4 more foreign banks get Myanmar licence
Four more foreign banks have been given preliminary approval to operate in Myanmar, state media reported Monday, the latest government attempt to attract overseas investment to the emergent nation.
Myanmar's banking system was closed for decades to outside competition under junta rule, leaving the country laden with a creaking financial infrastructure and a populace deeply suspicious of banks.
But that has slowly begun to change since outright military rule gave way to a reformist government in 2011 that paved the way for last November's landmark elections.
The four new banks that have been given initial approval are Vietnam's Bank for Investment and Development, Taiwan's E. SUN Commercial Bank, South Korea's Shinhan Bank and the State Bank of India, the Global New Light of Myanmar said, quoting the Central Bank of Myanmar.

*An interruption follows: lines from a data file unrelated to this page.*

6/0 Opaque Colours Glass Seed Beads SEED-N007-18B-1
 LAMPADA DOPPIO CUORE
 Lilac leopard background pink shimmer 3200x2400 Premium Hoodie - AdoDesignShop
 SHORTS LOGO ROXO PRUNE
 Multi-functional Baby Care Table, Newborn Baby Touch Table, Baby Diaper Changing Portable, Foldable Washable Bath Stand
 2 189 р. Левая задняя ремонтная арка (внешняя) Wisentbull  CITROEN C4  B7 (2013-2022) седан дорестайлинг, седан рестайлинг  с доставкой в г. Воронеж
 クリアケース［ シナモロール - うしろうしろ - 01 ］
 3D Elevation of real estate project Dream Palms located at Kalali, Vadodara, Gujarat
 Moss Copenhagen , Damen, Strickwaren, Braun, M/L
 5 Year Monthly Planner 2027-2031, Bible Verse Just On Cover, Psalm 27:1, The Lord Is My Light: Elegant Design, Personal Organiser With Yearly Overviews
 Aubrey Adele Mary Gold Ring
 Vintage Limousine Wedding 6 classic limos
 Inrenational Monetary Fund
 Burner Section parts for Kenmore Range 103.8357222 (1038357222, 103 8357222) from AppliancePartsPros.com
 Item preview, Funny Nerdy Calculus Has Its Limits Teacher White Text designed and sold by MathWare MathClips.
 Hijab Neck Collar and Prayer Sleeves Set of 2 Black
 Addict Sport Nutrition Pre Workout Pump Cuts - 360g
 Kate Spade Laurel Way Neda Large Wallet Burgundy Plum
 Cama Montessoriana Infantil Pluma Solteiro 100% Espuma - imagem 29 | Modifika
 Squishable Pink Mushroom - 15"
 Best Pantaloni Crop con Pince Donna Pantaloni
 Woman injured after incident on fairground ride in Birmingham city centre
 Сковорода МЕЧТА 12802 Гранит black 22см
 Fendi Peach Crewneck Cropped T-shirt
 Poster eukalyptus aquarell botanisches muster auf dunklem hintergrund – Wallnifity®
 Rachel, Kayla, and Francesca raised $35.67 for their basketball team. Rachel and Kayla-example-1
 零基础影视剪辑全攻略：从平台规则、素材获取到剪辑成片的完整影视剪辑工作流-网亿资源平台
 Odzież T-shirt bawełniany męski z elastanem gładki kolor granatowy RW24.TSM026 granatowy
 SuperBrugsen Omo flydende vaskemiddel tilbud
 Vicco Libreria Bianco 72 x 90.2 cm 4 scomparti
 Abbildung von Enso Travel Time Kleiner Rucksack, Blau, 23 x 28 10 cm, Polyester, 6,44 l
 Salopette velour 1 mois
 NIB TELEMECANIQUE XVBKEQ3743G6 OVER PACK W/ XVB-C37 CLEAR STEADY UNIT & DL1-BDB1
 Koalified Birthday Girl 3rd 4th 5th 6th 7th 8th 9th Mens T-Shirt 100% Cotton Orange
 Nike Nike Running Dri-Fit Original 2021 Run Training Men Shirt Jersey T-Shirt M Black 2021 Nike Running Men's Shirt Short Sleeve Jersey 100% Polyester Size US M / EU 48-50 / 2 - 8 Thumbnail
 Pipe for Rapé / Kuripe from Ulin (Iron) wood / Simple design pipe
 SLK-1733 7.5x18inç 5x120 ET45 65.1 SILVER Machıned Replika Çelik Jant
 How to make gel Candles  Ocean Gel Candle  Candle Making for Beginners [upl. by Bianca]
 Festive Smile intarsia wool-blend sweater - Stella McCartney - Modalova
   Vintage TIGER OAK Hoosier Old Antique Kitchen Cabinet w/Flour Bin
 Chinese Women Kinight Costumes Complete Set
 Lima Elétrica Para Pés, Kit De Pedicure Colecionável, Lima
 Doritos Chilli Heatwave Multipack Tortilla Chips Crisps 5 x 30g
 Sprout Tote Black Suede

A total of 13 foreign banks have now been given permission to operate inside the Southeast Asian nation. Most are still in the process of meeting regulations before opening branches but some are already up and running. In April last year, Japan's Tokyo-Mitsubishi UFJ ( BTMU) became the first foreign bank in decades to open a branch inside Myanmar. Among other banks that have opened branches are Japan's Sumitomo Mitsui Banking Corporation (SMBC) as well as Singapore's Oversea-Chinese Banking Corporation (OCBC). Most of the foreign banks who have applied for licences hail from the Asia-Pacific region.